I honestly think a start for multicpu that would improve the state would
be start adding support to iproute for changing the master port.

> > > My second observation is based on the fact that some switches support a
> > > single CPU port, yet they are wired using two Ethernet ports towards the
> > > host. The Felix and Seville switches are structured this way. I think
> > > some Broadcom switches too.
> > > Using the rtnetlink user API, a user could be able to migrate all user
> > > ports between one CPU port and the other, and as long as the
> > > configuration is valid, the switch driver should accept this (we perform
> > > DSA master changing while all ports are down, and we could refuse going
> > > up if e.g. some user ports are assigned to CPU port A and some user
> > > ports to CPU port B). Nonetheless, the key point is that when a single
> > > CPU port is used, the other CPU port kinda sits there doing nothing. So
> > > I also have some patches that make the host port attached to this other
> > > CPU port be a normal interface (not a DSA master).
> > > The switch side of things is still a CPU port (not a user port, since
> > > there still isn't any net device registered for it), but nonetheless, it
> > > is a CPU port with no DSA tagging over it, hence the reason why the host
> > > port isn't a DSA master. The patch itself that changes this behavior
> > > sounds something like "only set up a host port as a DSA master if some
> > > user ports are assigned to it".
> > > As to why I'm doing it this way: the device tree should be fixed, and I
> > > do need to describe the connection between the switch CPU ports and the
> > > DSA masters via the 'ethernet = <&phandle>;' property. From a hardware
> > > perspective, both switch ports A and B are CPU ports, equally. But this
> > > means that DSA won't create a user port for the CPU port B, which would
> > > be the more natural way to use it.
> > > Now why this pertains to you: Vivien's initial stab at management over
> > > Ethernet wanted to decouple a bit the concept of a DSA master (used for
> > > the network stack) from the concept of a host port used for in-band
> > > management (used for register access). Whereas our approach here is to
> > > keep the two coupled, due to us saying "hey, if there's a direct
> > > connection to the switch, this is a DSA master anyway, is it not?".
> > > Well, here's one thing which you wouldn't be able to do if I pursue my
> > > idea with lazy DSA master setup: if you decide to move all your user
> > > ports using rtnetlink to CPU port 6, then the DSA master of CPU port 0
> > > will cease to be a DSA master. So that will also prevent the management
> > > protocol from working.
> > 
> > About the migration problem, wonder if we can just use a refcount that
> > would represent the user of the master port. The port won't be DSA
> > master anymore if no user are connected.
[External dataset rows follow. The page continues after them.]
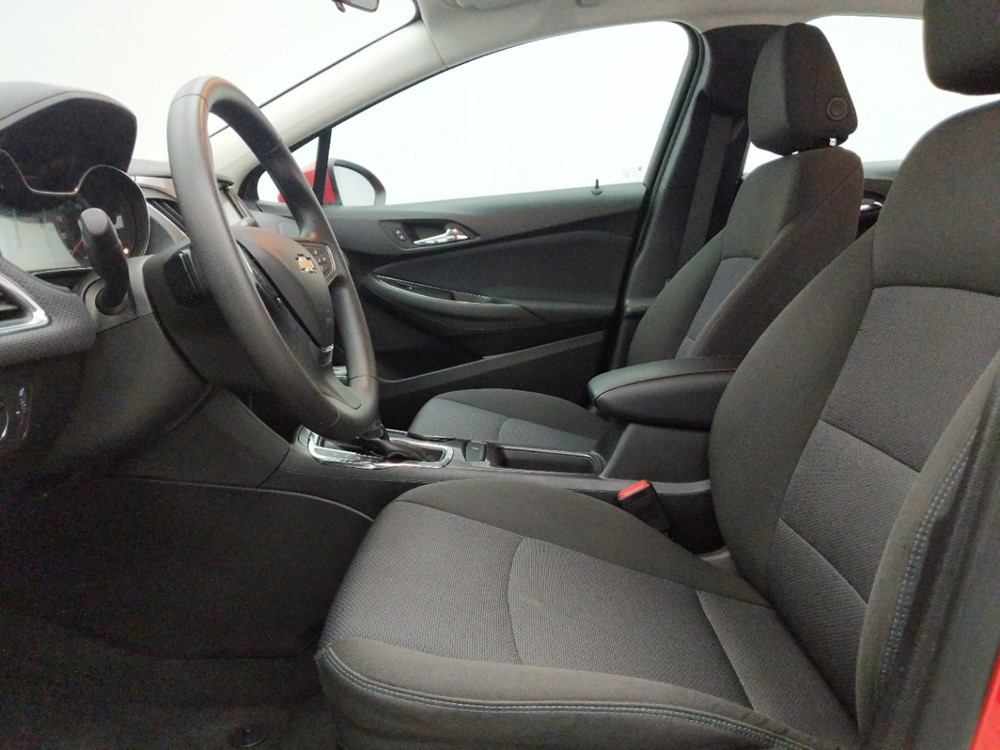 2018 Chevrolet Cruze - Driver Front Seat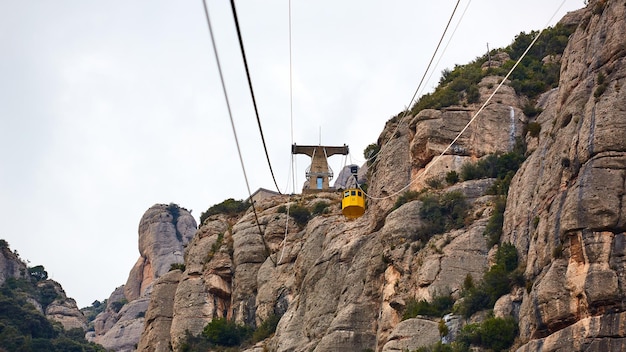 Aeri de Montserrat의 노란색 케이블카는 Barcelona Spain Catalonia 근처의 de Montserrat Abbey까지 올라갑니다.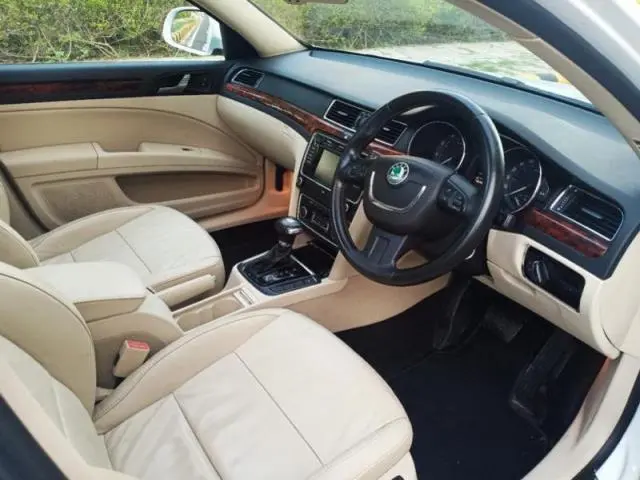 SKODA SUPERB Elegance 1.8 TSI AT 2013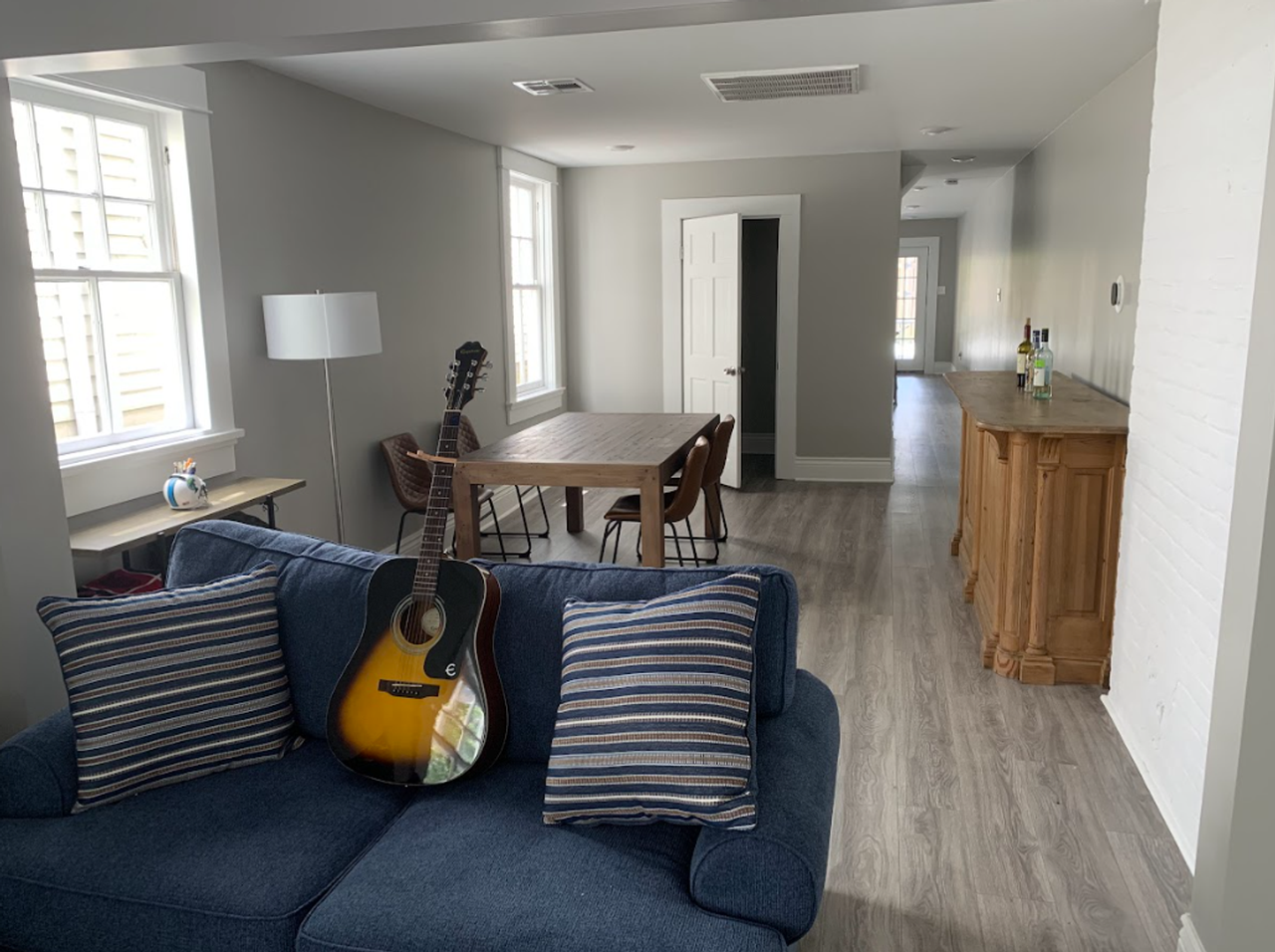 7715 Hampson Street - Photo 4 of 28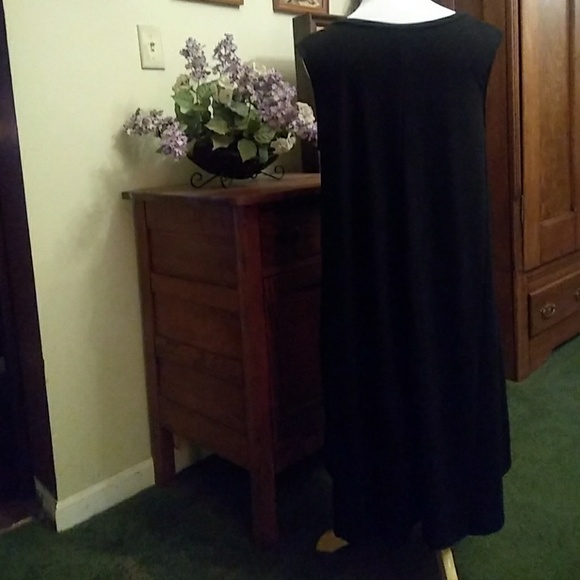 Dress - Picture 3 of 5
A switch can increase this ref
> > if the port is mandatory for some operation. (qca8k on state change
> > operational would increase the ref and decrease and then the port can be
> > removed from a DSA master) That should handle all the other switch and
> > still permit a driver to ""bypass"" this behaviour.
> 
> Maybe. Although not quite like the way in which you propose. Remember
> that the idea is for a DSA master to be a regular interface until it
> gains a user. So there's the chicken and egg problem if you want to
> become a user on ->master_state_change()... because it's not a master.
> You'd have to specify upfront.
> 

I mean we can really think of adding an option or a flag for the port
that will be used to declare a cpu port as to be ignored by any disable
procedure. From what I can remember some broadcom switch have some
management port that can't be disabled for example so I can see an use
where a flag of this kind would be useful. Some thing like declaring a
port as a managament port and with this case any ""cleanup"" function
will be ignored? That would solve the chicken-egg problem and dts won't
have to be changed.

> > > I don't want to break your use case, but then again, I'm wondering what
> > > we could do to support the second CPU port working without DSA tagging,
> > > without changing the device trees to declare it as a user port (which in
> > > itself isn't bad, it's just that we need to support all use cases with a
> > > single, unified device tree).
> > 
> > Just some info about the secondary CPU port.
> > From Documentation the second cpu port in sgmii mode can be used also for
> > other task so yes we should understand how to handle this. (base-x, mac
> > and phy) This mode is set based on the phy mode and if the dsa port is a
> > cpu port. Device tree changes can be accepted as AFAIK due to DSA not
> > supporting multi cpu, CPU port 6 was never used/defined. (But I'm
> > not sure... that is the case for all the device we have on openwrt)
> 
> What do you mean exactly by "other tasks"?
> 

I never notice a device with this (actually we just find one that has 2
qca8k switch that seems to be connected with the port6 port) but other
task are for example interconnecting 2 switch or attach some external
port like sfp. (I assume?)

> > Considering that introducing multicpu port would require a
> > bit of rework, wonder if we should introduce some new bindings/node and
> > fallback to a legacy (aka force first cpu port as the unique cpu port
> > and ignore others) in the absence of this new implementation. (Hoping I
> > didn't get all wrong with the main problem here)
> 
> The defaults would stay the same. (I've no idea why we would introduce
> new device tree bindings? the only device tree change IMO would be to
> declare the link between the second CPU port and its DSA master, if you
> haven't done that already) But my key point was that, to some extent,
> some change to the current behavior will still be required. Like right
> now, a kernel 5.15 when it sees a device tree with 2 CPU ports will have
> 2 DSA masters. Maybe kernel 5.17 will only start off with the first port
> as a DSA master, and the other just a candidate. I'm hoping this won't

IMHO that would be the correct way. Just offer a secondary port and
leave the user decide to use it or not. (Single CPU port by default and
leave the user the choice to use the second with an init script)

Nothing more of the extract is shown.